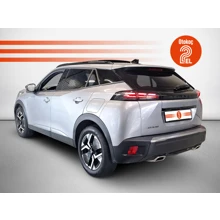 PEUGEOT-2008-ALLURE 1.2 PURETECH 130HP EAT8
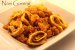 Nasi Goreng-Stir-Fry de orez cu pui si creveti-1
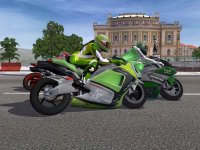 Cкриншот MotoGP: Ultimate Racing Technology 3, изображение № 404141 - RAWG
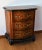 Wood Baroque Bedside Table For Sale - Image 7 of 7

§ **Problem description**
Starting with the line that holds "Cкриншот MotoGP: Ultimate", transcribe exactly each line through the last one of the material above, and nothing else. Do not include pictures.

§ **Solution**
 Cкриншот MotoGP: Ultimate Racing Technology 3, изображение № 404141 - RAWG
 Wood Baroque Bedside Table For Sale - Image 7 of 7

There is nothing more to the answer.